» **PROMPT**:
Using the data that follows, return exactly the lines from the one that contains "122, WESTMORLAND AVENUE, LUTON, LU3" through the one that contains "2 In 1 LED Pet", ends included.

» **INPUT RECORDS**:
####################
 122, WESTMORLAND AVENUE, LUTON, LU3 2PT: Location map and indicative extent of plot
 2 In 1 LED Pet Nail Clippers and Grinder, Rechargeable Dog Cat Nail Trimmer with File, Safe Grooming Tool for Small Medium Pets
####################
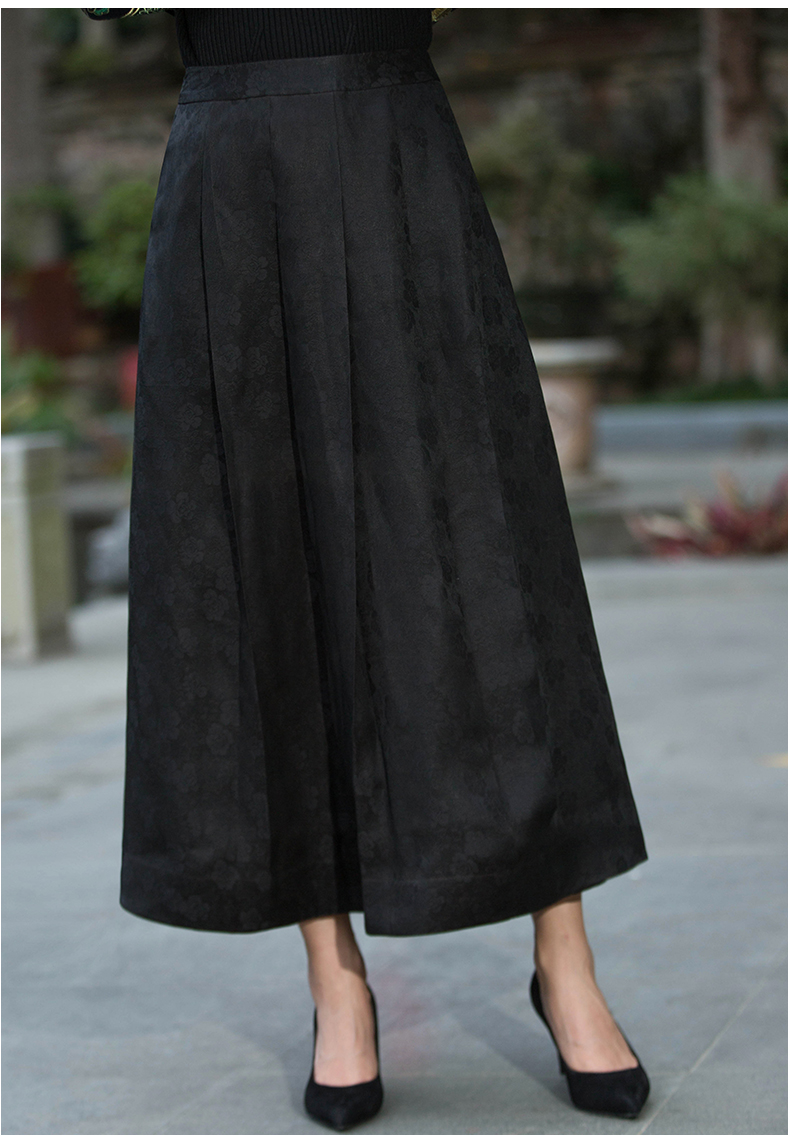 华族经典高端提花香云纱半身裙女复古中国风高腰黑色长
####################
» **RESPONSE TO THIS EXERCISE**:
 122, WESTMORLAND AVENUE, LUTON, LU3 2PT: Location map and indicative extent of plot
 2 In 1 LED Pet Nail Clippers and Grinder, Rechargeable Dog Cat Nail Trimmer with File, Safe Grooming Tool for Small Medium Pets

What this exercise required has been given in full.